Please give back, exactly as written, the lines from the line with "Workers carry a" to the line with "Composite image of" in the listing below, leaving out all pictures.

▶ **DATASET ENTRIES**
========
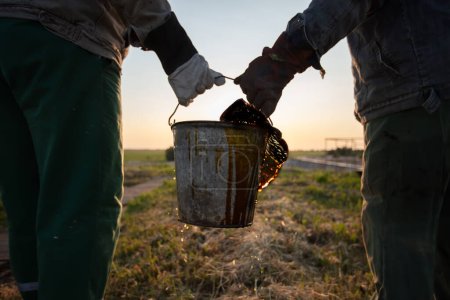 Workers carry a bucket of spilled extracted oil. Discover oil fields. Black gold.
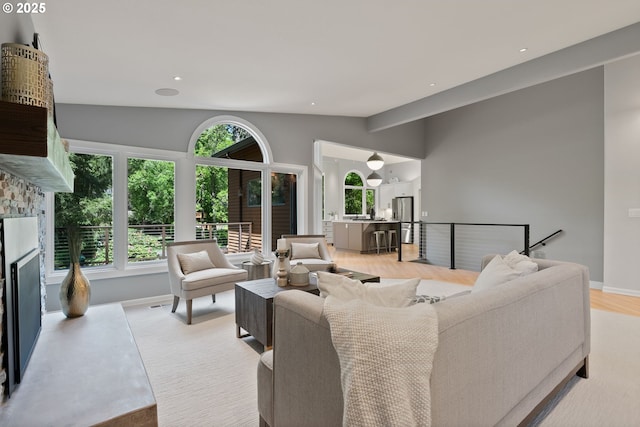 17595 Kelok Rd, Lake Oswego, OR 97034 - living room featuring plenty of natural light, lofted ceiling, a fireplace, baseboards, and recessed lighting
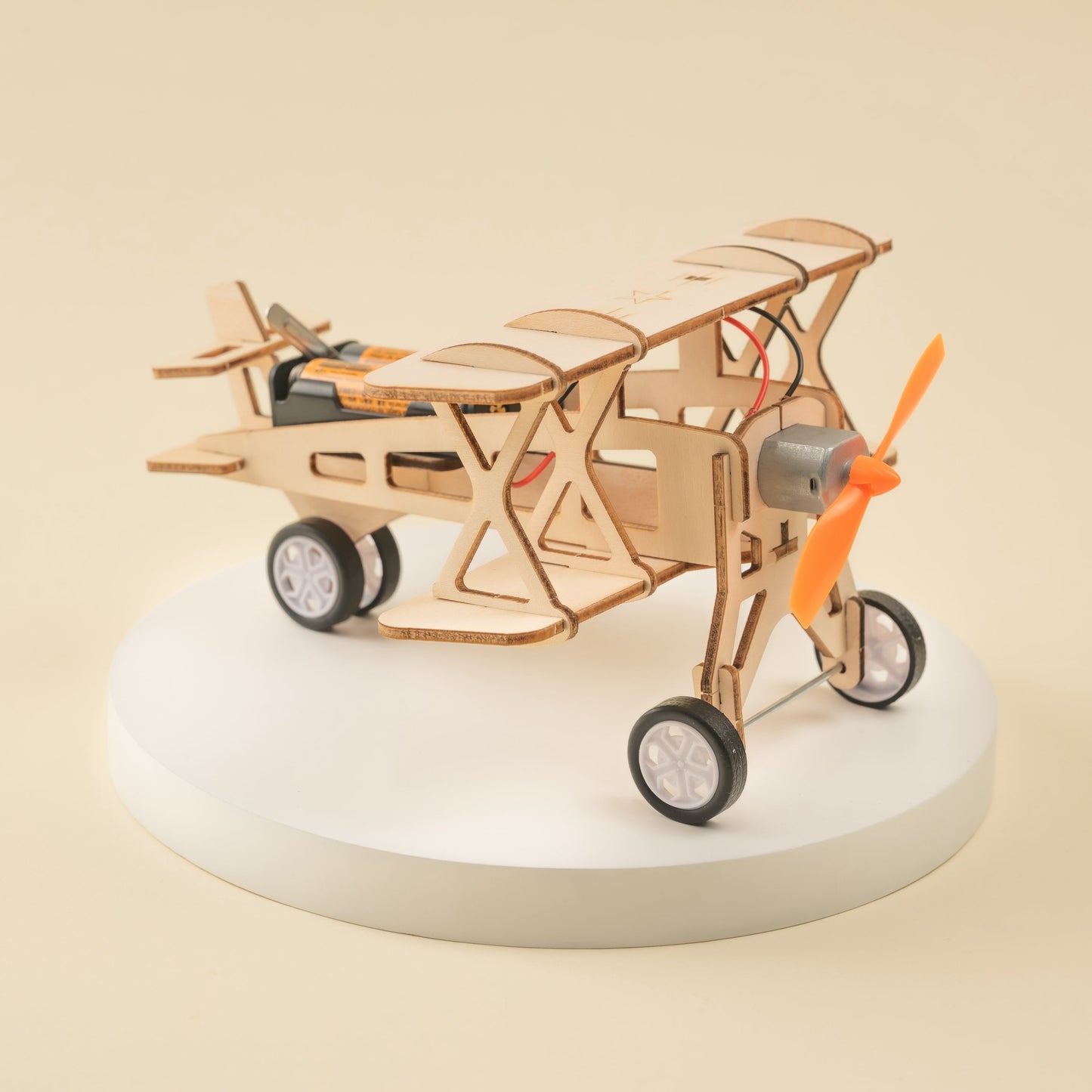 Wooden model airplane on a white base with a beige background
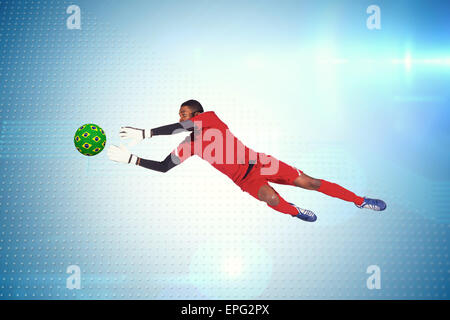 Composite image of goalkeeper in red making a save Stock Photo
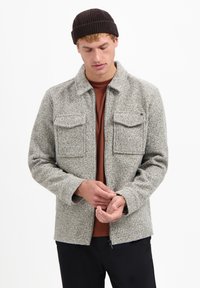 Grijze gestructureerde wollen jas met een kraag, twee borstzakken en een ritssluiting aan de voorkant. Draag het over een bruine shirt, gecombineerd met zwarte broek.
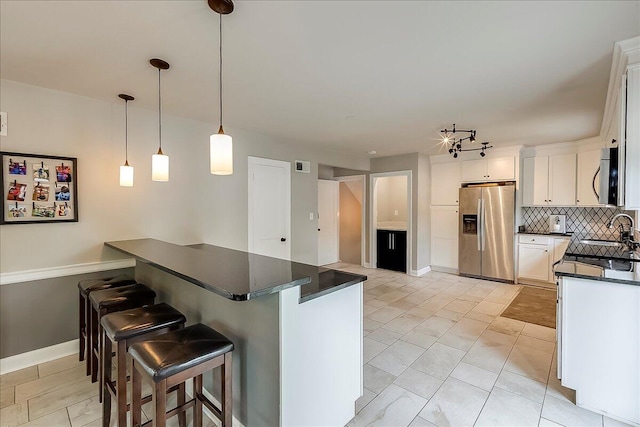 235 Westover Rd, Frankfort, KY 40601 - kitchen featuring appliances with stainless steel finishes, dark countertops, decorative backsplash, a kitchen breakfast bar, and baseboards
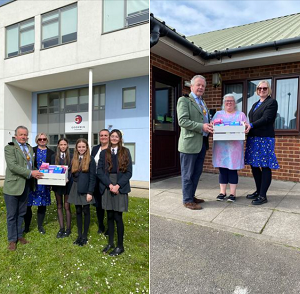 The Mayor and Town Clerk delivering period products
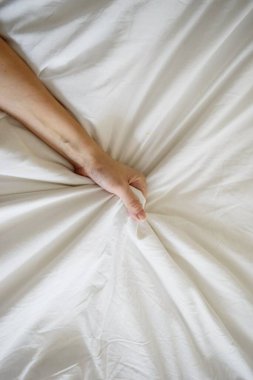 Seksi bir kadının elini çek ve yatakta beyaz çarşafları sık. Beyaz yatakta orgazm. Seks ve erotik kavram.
========
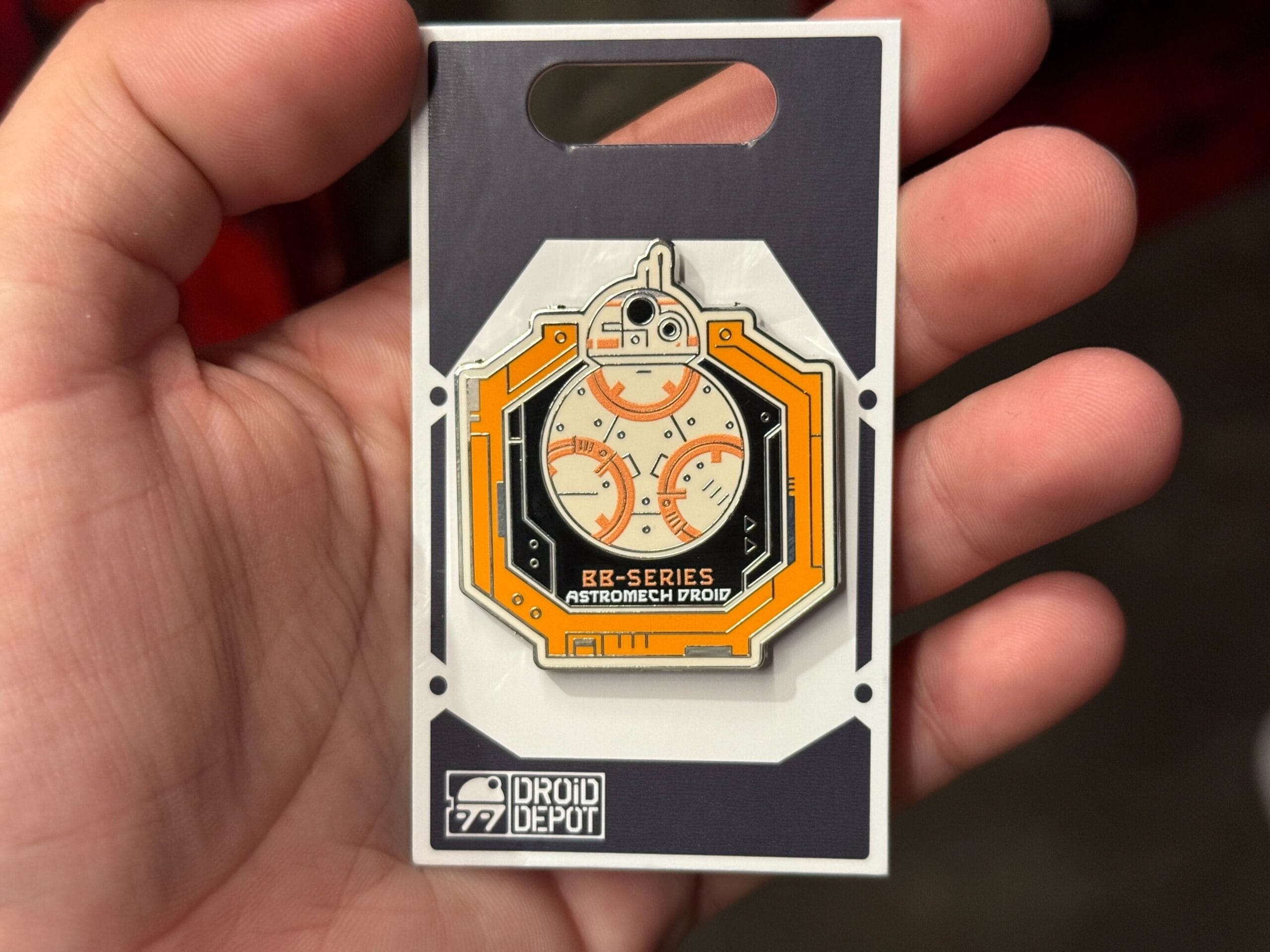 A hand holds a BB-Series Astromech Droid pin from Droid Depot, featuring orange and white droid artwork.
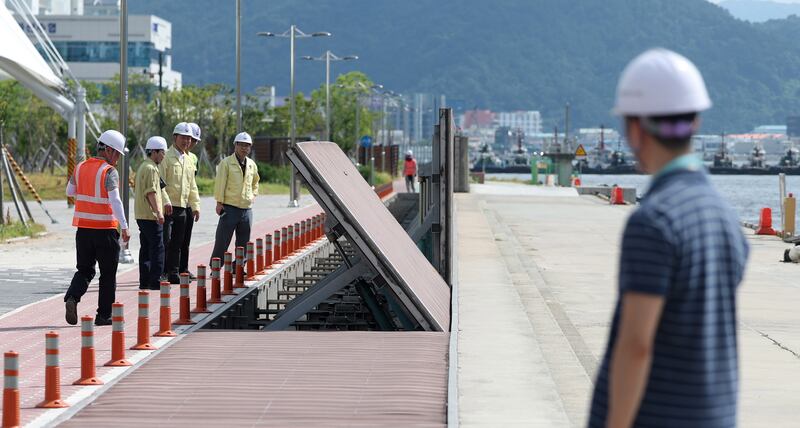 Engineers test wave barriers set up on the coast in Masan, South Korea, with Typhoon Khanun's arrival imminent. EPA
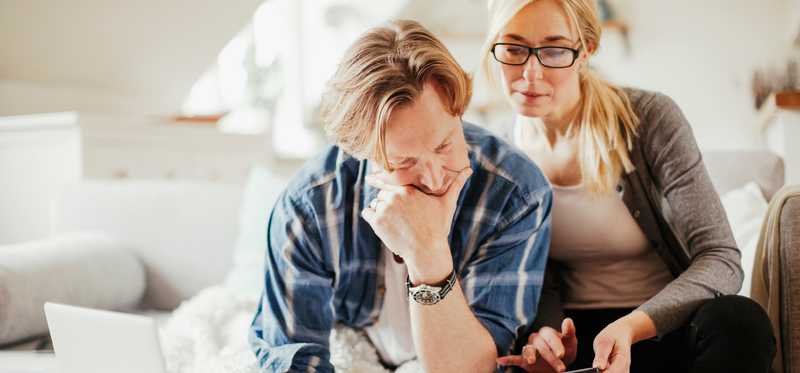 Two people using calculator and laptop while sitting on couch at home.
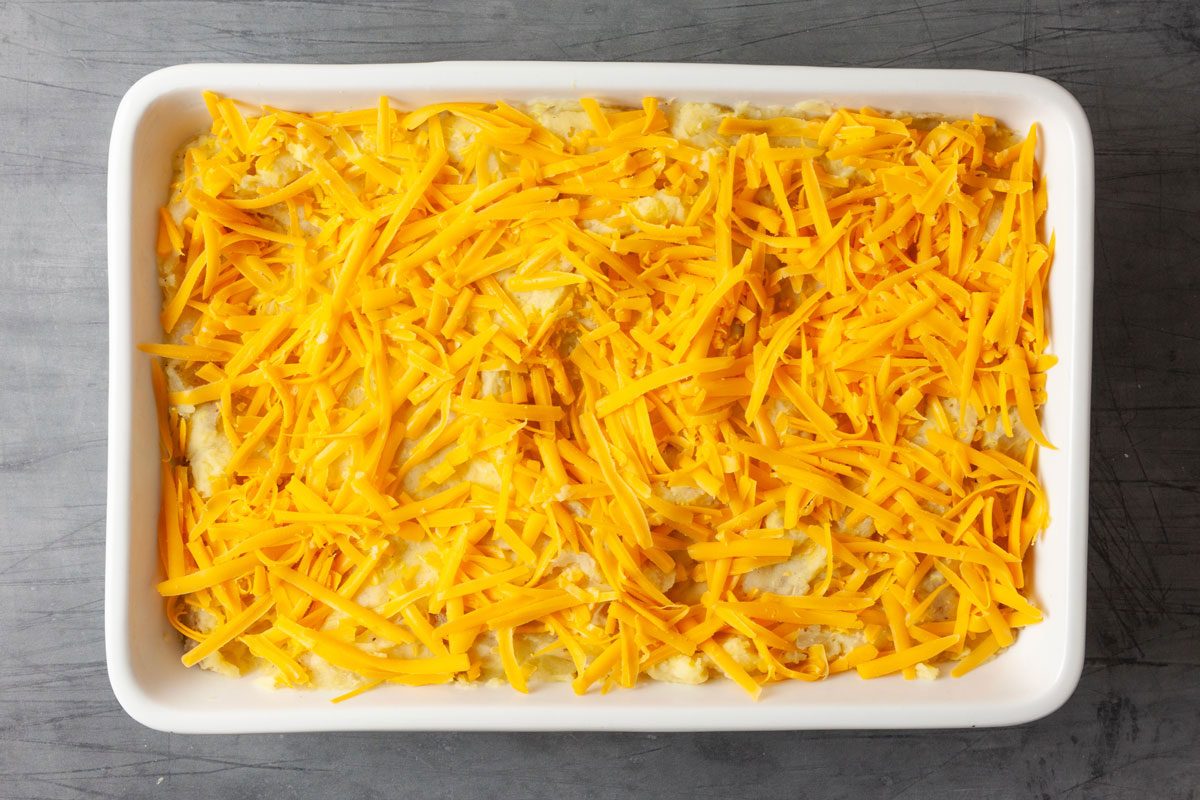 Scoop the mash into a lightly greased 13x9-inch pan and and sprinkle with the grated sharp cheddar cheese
========
▶ **YOUR RESPONSE**
 Workers carry a bucket of spilled extracted oil. Discover oil fields. Black gold.
 17595 Kelok Rd, Lake Oswego, OR 97034 - living room featuring plenty of natural light, lofted ceiling, a fireplace, baseboards, and recessed lighting
 Wooden model airplane on a white base with a beige background
 Composite image of goalkeeper in red making a save Stock Photo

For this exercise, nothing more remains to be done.